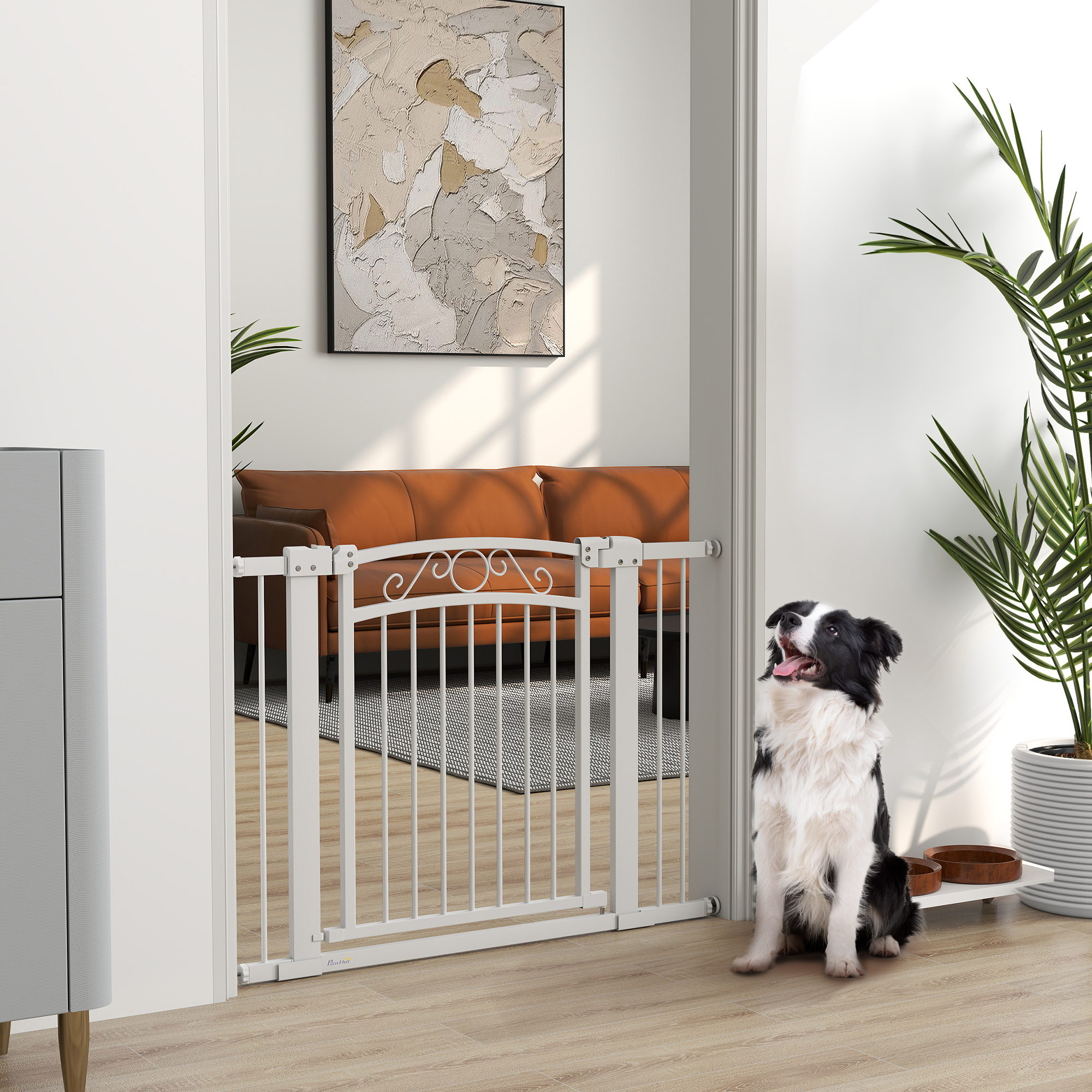 Un perro blanco sentado junto a una puerta. Detrás hay un salón con sofá marrón y pintura.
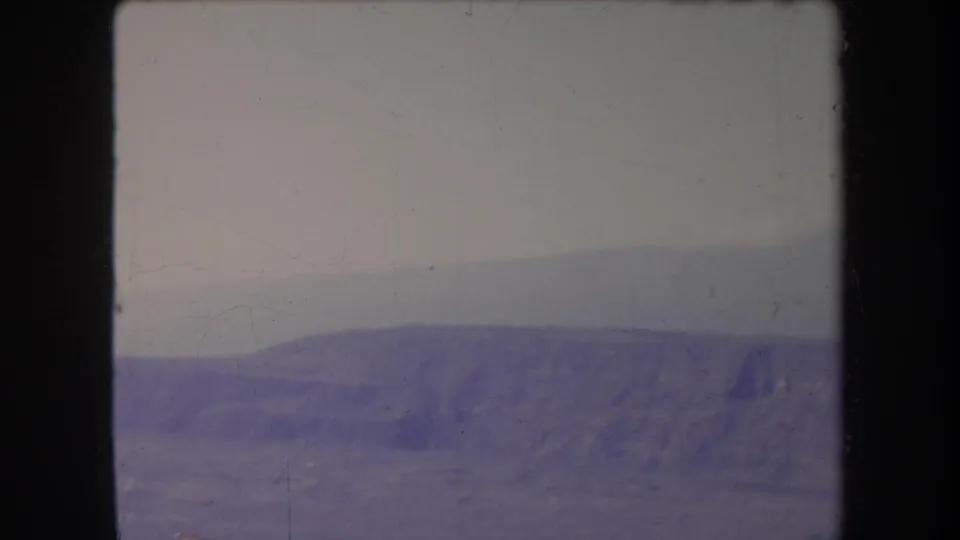 1969 Hawaii 8mm view of broad rocky terrain and distant hills, softened by haze and faded film color.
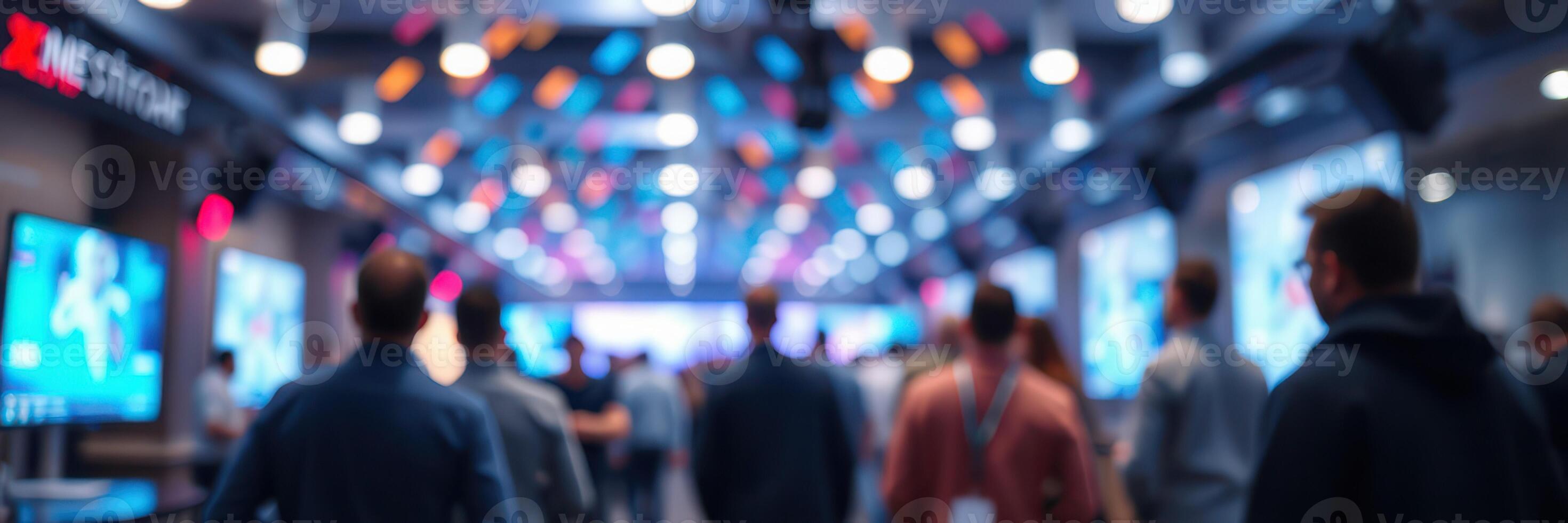 Crowd of attendees engaged at a modern conference venue with digital displays in the background photo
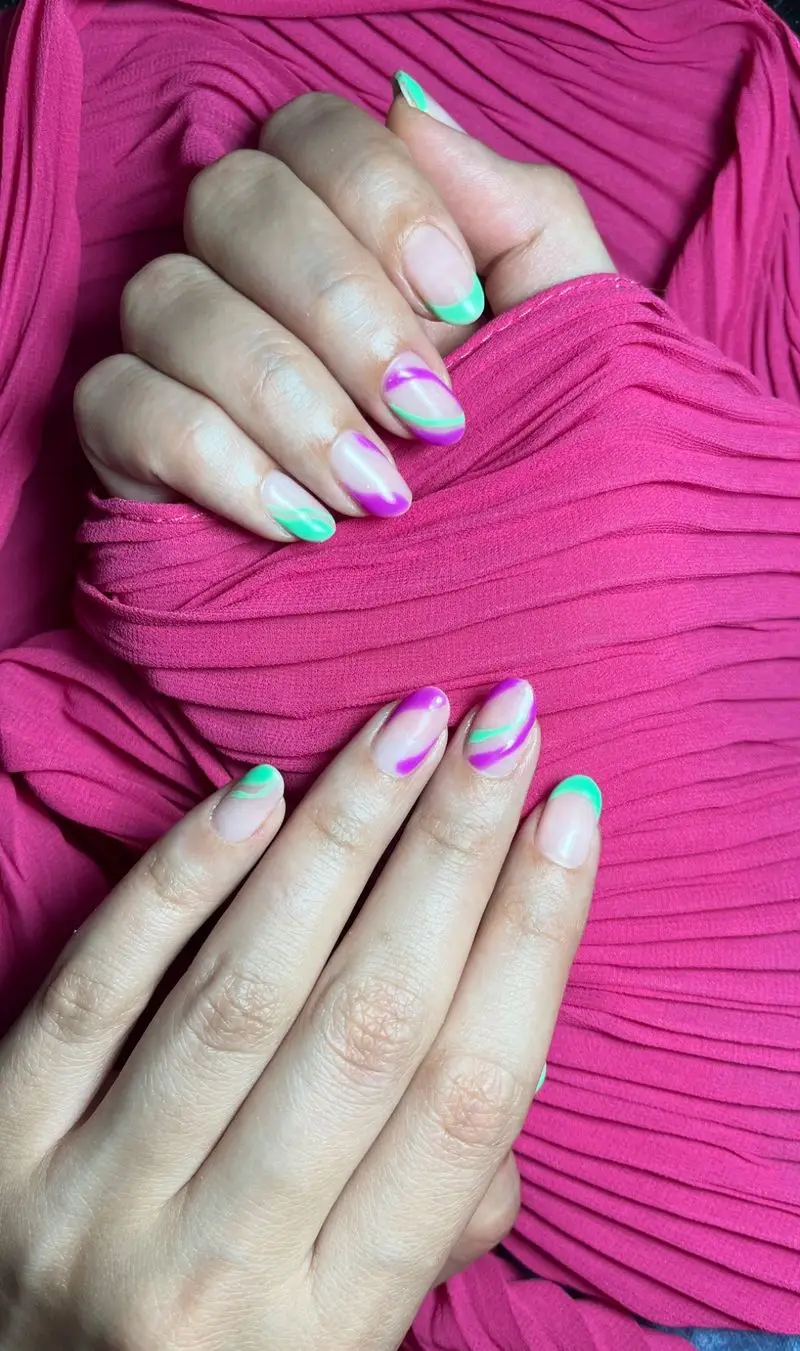 طراحی ناخن فانتزی و شیک دخترانه با لاک ژل سبز و بنفش به صورت خطوط منحنی و امواج روی پس زمینه پارچه پلیسه صورتی جذاب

** What you have to do **
With the pictures omitted, the material is to be transcribed exactly.

** Solution to the exercise **
 Un perro blanco sentado junto a una puerta. Detrás hay un salón con sofá marrón y pintura.
 1969 Hawaii 8mm view of broad rocky terrain and distant hills, softened by haze and faded film color.
 Crowd of attendees engaged at a modern conference venue with digital displays in the background photo
 طراحی ناخن فانتزی و شیک دخترانه با لاک ژل سبز و بنفش به صورت خطوط منحنی و امواج روی پس زمینه پارچه پلیسه صورتی جذاب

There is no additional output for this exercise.